Well, one thing is for certain, nobody is going to be complaining about a lack of monsters this time around, as Michael Dougherty’s Godzilla: King of the Monsters is an all-out giant monster bash the likes of which we have never seen.

Some time after the events of the monster attack on San Francisco, the organisation Monarch led by Dr. Serizawa (Ken Watanabe), work to prevent the destruction of the giant creatures, Titans, believing they are key to the natural order of the planet. Not everyone agrees, including Mark Russell (Kyle Chandler), whose life took a tragic turn in the aftermath of Godzilla’s fight with the MUTOs. When his wife, Emma (Vera Farmiga) and daughter Madison (Millie Bobby Brown), are kidnapped by the sinister Alan Jonah (Charles Dance) whose own interest in the Titans is less than benign, it sets in motion an awakening of more Titans; some a force for good, others an embodiment of destruction.
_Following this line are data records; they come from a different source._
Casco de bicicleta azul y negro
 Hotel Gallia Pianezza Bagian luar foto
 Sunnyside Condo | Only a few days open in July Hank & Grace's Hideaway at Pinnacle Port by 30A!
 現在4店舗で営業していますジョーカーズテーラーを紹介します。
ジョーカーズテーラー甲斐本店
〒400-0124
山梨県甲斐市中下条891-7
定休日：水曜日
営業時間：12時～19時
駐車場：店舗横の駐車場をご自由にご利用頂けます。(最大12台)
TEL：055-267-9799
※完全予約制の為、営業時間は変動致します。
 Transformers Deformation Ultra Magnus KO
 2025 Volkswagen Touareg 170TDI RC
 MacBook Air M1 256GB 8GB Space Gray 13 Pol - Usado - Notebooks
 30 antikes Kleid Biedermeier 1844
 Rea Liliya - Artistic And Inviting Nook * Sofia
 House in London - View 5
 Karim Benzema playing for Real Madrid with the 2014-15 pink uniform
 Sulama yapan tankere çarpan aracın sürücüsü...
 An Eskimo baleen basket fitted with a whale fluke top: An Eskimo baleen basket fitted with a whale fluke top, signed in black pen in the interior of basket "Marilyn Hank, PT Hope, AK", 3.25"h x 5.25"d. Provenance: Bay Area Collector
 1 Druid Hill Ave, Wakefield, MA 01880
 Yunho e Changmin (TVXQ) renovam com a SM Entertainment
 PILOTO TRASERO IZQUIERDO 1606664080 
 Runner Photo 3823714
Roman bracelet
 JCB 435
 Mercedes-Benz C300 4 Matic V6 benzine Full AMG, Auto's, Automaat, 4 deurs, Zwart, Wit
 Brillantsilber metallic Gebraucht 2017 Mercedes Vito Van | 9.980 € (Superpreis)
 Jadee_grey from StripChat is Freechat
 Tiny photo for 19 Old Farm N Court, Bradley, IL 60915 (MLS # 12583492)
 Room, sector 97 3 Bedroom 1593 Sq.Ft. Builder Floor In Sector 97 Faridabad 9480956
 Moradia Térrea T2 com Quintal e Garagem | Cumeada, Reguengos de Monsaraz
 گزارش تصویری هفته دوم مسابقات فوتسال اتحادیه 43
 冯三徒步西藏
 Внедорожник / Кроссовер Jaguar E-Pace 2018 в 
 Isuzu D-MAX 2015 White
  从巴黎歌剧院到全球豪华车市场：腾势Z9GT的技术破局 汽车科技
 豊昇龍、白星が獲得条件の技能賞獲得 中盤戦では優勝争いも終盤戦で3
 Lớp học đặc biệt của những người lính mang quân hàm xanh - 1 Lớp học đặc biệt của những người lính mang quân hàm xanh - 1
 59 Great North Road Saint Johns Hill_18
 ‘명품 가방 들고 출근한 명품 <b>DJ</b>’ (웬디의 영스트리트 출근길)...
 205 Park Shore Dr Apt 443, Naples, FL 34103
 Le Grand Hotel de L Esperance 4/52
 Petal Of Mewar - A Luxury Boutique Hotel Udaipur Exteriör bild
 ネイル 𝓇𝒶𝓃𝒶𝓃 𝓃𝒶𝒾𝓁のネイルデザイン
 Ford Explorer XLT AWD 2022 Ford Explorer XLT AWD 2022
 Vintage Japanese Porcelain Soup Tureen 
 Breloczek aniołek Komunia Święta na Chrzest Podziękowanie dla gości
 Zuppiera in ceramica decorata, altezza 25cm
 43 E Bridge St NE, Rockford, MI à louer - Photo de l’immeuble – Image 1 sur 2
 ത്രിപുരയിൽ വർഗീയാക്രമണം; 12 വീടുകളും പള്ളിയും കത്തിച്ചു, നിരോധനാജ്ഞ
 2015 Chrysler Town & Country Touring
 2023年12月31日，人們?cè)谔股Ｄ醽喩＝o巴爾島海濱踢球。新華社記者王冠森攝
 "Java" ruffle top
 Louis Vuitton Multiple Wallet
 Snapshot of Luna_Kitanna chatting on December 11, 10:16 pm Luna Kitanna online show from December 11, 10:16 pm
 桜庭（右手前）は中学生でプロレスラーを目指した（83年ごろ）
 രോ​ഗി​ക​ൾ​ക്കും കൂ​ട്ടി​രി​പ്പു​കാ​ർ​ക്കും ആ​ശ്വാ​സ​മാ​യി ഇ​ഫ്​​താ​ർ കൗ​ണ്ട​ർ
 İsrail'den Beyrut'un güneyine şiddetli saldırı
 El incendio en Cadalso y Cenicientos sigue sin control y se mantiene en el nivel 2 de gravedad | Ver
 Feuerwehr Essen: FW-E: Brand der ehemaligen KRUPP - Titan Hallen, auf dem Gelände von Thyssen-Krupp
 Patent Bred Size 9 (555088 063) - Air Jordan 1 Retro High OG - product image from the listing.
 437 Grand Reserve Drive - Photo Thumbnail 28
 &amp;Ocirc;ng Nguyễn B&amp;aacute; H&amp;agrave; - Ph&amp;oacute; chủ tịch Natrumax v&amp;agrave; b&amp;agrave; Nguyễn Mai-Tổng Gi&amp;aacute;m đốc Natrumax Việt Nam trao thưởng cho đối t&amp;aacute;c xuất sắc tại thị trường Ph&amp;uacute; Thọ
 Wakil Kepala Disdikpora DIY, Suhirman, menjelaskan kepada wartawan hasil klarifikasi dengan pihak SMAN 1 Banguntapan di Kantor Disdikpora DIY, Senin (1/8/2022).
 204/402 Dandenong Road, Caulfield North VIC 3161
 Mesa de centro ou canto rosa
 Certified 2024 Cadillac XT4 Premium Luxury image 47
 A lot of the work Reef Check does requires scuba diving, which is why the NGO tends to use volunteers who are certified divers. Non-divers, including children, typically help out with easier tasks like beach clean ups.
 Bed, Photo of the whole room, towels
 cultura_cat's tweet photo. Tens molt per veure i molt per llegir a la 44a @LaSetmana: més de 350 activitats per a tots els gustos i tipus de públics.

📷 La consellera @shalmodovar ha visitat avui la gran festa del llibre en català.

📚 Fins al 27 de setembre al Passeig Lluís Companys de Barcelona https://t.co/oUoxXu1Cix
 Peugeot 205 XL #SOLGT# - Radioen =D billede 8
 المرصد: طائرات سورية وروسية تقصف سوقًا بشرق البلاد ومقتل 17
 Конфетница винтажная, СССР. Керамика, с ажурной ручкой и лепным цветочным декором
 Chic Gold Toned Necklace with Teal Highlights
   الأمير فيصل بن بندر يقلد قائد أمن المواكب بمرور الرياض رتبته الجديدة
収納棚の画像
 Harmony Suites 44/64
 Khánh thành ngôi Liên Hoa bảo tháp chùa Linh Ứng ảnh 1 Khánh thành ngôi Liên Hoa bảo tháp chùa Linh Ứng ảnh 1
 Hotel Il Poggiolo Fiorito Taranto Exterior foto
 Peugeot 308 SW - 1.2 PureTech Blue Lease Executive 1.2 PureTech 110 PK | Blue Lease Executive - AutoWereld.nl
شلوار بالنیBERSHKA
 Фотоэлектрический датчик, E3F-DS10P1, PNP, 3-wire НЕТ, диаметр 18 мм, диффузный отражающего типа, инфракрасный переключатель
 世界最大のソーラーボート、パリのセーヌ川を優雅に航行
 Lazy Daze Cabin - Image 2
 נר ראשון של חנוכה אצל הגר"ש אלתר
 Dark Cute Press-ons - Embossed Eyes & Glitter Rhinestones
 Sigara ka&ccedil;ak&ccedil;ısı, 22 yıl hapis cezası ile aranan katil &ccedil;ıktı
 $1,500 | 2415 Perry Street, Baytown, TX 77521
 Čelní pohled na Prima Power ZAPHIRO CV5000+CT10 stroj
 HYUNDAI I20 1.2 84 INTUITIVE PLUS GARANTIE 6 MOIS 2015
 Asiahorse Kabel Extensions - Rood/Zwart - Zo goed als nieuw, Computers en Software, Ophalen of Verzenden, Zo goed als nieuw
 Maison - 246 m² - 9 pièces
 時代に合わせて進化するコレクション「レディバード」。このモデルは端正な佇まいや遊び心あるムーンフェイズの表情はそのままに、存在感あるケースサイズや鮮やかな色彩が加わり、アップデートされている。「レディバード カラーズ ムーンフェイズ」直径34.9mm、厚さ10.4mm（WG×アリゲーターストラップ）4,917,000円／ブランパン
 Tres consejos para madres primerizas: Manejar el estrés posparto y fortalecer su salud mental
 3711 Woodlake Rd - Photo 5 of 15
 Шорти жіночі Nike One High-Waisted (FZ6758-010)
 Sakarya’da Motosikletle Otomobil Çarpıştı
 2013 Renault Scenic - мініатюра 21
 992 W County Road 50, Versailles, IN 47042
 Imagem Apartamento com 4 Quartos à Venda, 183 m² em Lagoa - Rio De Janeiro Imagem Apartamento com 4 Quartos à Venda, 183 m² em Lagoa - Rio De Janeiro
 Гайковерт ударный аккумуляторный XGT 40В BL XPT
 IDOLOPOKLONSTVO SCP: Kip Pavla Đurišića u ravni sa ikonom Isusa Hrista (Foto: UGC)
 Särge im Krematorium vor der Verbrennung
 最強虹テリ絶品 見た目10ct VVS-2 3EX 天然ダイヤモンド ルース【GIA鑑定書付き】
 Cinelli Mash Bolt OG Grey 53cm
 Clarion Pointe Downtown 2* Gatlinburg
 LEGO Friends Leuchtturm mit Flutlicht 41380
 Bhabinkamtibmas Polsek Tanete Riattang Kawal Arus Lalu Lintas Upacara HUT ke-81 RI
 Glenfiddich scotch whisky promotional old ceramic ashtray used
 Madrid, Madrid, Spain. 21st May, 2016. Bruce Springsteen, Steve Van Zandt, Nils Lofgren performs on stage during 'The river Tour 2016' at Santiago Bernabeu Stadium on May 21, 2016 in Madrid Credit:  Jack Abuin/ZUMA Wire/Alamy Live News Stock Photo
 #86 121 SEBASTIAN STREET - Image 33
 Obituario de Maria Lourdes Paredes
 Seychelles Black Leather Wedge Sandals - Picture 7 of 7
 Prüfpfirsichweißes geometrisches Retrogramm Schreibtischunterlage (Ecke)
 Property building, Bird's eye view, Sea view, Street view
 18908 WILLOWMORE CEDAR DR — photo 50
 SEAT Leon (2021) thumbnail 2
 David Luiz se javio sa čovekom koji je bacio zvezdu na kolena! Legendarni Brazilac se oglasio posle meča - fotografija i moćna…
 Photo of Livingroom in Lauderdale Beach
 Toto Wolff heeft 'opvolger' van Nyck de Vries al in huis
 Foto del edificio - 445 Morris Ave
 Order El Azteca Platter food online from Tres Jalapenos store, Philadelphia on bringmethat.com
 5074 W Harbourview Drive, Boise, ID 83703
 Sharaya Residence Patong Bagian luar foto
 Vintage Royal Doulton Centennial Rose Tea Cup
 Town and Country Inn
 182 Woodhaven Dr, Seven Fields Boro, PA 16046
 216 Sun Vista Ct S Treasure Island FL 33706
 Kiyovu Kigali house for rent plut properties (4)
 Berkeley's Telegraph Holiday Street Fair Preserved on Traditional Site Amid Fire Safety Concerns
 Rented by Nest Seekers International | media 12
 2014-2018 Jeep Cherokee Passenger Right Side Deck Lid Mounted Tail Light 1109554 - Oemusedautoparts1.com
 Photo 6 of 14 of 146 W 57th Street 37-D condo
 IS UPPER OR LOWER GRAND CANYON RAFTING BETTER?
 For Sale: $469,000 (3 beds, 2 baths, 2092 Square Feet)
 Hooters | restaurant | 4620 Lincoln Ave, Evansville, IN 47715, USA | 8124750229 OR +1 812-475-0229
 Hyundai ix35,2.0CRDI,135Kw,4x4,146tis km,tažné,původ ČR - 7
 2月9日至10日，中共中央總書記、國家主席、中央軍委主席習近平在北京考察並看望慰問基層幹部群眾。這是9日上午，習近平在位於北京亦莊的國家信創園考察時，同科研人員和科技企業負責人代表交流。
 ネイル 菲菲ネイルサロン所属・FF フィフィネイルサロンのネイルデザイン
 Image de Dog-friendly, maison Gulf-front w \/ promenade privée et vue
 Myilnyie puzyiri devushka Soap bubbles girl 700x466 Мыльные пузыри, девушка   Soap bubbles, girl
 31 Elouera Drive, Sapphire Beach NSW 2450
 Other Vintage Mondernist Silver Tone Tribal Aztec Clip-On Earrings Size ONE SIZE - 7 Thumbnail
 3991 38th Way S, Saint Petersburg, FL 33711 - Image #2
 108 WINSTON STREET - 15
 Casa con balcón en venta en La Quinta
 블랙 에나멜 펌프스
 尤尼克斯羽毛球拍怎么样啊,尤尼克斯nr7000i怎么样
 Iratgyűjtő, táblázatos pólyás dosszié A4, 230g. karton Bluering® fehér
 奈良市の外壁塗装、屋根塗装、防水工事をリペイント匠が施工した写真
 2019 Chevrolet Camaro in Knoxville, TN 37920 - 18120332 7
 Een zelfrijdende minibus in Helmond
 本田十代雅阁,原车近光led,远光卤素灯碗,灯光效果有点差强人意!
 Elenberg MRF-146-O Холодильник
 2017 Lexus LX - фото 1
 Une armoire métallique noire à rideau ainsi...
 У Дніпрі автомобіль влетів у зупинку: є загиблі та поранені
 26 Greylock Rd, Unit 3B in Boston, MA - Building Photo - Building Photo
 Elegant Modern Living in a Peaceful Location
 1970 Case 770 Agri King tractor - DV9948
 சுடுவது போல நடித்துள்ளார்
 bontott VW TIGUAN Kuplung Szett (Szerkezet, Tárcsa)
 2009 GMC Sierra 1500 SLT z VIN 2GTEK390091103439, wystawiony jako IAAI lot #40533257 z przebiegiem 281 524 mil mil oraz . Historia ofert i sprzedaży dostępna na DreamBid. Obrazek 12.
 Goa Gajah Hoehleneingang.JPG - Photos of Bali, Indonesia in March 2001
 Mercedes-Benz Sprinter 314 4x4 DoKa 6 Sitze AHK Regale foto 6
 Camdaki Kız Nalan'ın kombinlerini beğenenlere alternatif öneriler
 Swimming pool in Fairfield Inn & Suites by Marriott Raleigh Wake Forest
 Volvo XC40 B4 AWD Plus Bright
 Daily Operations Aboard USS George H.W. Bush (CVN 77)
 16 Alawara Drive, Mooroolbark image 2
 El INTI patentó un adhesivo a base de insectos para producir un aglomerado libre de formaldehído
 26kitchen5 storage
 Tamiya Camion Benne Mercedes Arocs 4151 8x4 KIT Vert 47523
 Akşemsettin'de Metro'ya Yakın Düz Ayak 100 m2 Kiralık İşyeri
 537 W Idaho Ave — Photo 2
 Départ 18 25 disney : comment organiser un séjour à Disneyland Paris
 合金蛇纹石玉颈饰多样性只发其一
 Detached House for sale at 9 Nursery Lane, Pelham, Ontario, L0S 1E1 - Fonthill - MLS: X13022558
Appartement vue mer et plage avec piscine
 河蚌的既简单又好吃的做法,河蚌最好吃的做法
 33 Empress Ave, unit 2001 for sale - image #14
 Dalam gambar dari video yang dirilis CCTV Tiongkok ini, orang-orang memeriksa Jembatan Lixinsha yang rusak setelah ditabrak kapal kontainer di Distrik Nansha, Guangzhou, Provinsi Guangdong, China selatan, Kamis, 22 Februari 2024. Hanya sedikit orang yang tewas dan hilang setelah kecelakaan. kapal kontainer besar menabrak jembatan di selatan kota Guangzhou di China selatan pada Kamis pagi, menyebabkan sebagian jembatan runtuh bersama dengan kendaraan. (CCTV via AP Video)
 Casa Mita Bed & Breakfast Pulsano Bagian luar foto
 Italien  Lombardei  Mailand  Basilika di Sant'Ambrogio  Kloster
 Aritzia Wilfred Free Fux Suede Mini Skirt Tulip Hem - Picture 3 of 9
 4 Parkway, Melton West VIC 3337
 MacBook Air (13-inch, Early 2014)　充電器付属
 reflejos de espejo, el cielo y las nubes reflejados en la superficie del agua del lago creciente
Godzilla: King of the Monsters has a lot going on in. While Edward’s Godzilla was natural disaster in tone, and Kong: Skull Island was based around survival and war, this movie is full-on apocalyptic. It emphasises widespread destruction whilst also dealing with humanity’s relationship with the Titans and the attitudes towards them, both positive and negative. It’s epic in scale with visuals to back it up. All the monsters and monster fights look amazing, and in that sense it is everything you could want from this kind of film, as we get the kind of fights that simply weren’t possible in the Japanese Toho films due to limitations of technology.

The rest of the plot, the human element, isn’t the best it could be. It gives us the mythology and some basic character arcs and that’s about it. That is not to say that any of the cast are bad, more that none of them are compelling enough to latch onto. Millie Bobby Brown is solid, and far less annoying than similar child characters in monster movies of the past, you believe in her the wonder with which she regards the Titans. Ken Watanabe’s Ishiro Serizawa, named for the original Godzilla’s director Ishiro Honda and one of the main characters from that film played by actor Akihiko Hirata, gets a lot more to do this time around and is great, delivering a sense of dramatic weight with utmost sincerity. There is also a moment outside the big battles involving him, one that beautifully echoes back to a moment with his namesake in the original film, that may be one of my favourite moments in any Godzilla film.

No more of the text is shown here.